Know what it is to be Franco by attending a Gus Van Sant/James Franco art exhibit

Until construction is complete on James Franco’s Funhouse—a mile-long hallway of slanted mirrors and Super 8 projectors, scored by a busted boombox playing tapes of laugh-tracks from old episodes of Taxi, according to our pamphlet—the closest you will come to knowing what it is to be Franco may well be the upcoming “Unfinished” exhibit at Beverly Hills’ Gagosian Gallery.
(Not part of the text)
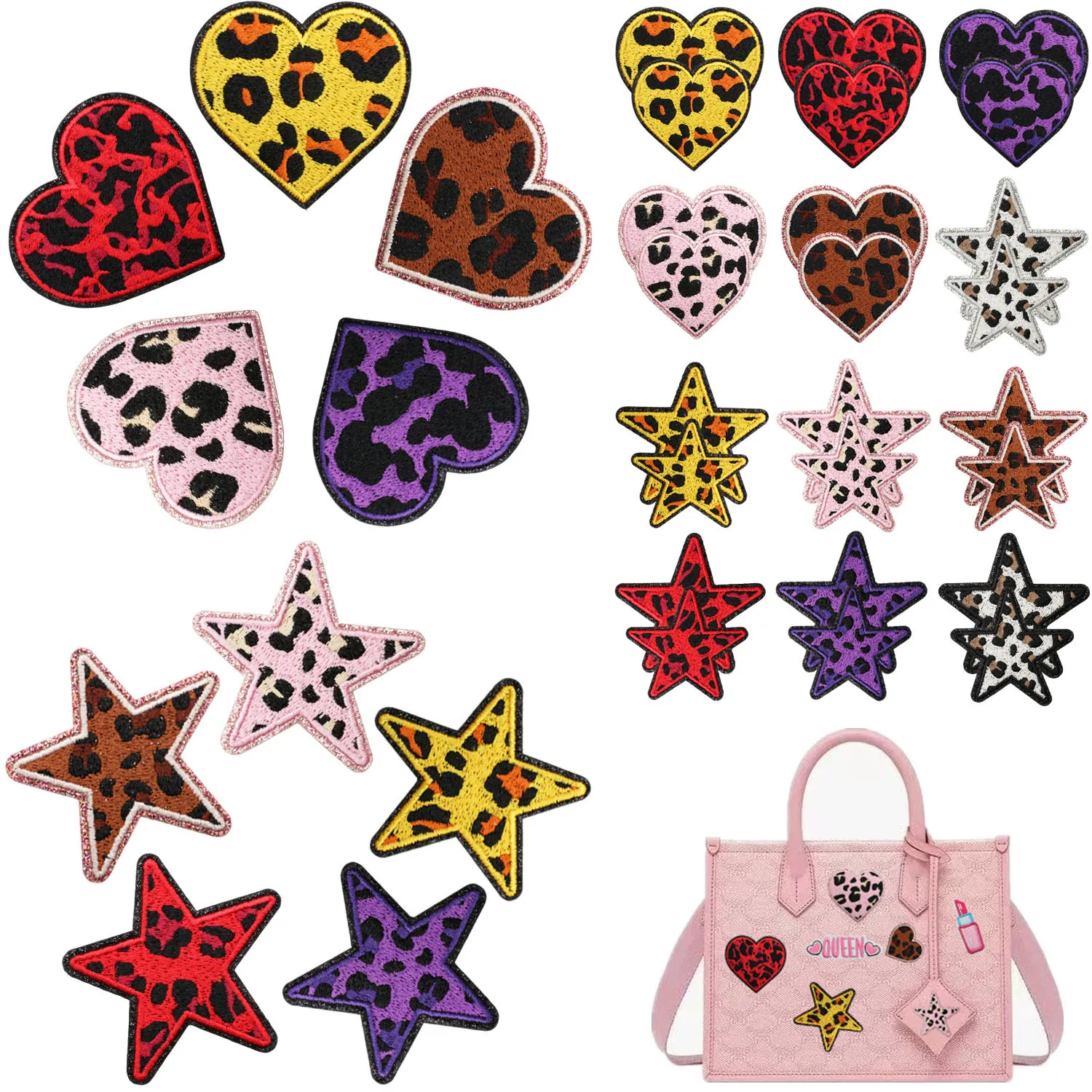 Leopard Print Heart Star Embroidery Patches Glitter Edge Sew On Decorative Appliques For Clothing Bags DIY Repair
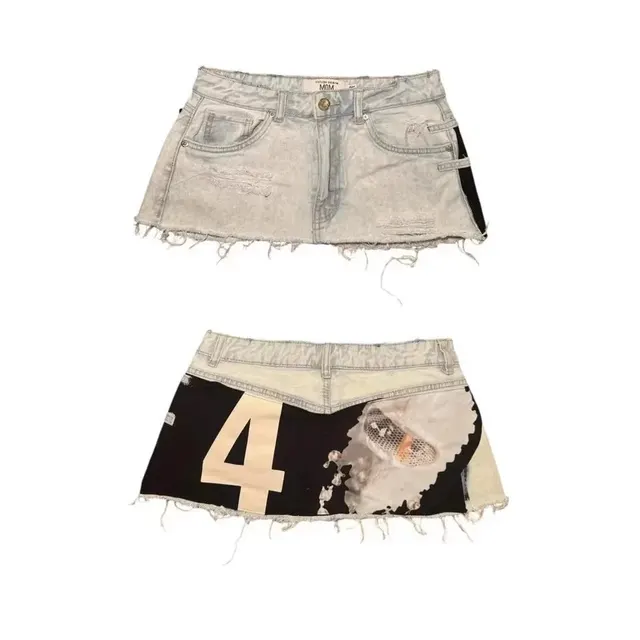 Mini-jupe denim patchwork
Franco has teamed with his Milk collaborator Gus Van Sant, who will show eight works on paper that transform random Internet images into watercolor paintings, alongside Franco’s dual film projects Endless Idaho and My Own Private River.

For the fittingly titled Endless Idaho, Franco took Van Sant’s Keanu Reeves/River Phoenix Shakespearean hustler story My Own Private Idaho and added in countless outtakes, deleted scenes, interviews, location scouting shots, and rehearsal footage to create a 12-hour “unprecedented look into the workaday process of making a movie.” Once you’ve properly absorbed that, you can then move on to My Own Private River, which is Franco’s personally assembled River Phoenix montage, set to an original score by Michael Stipe. “Unfinished” opens this Saturday and runs through April 9, at which point the “Unfinished” will finally become finished, as James Franco curls up on the sidewalk outside the Viper Room and films himself sleeping for the next 20 years.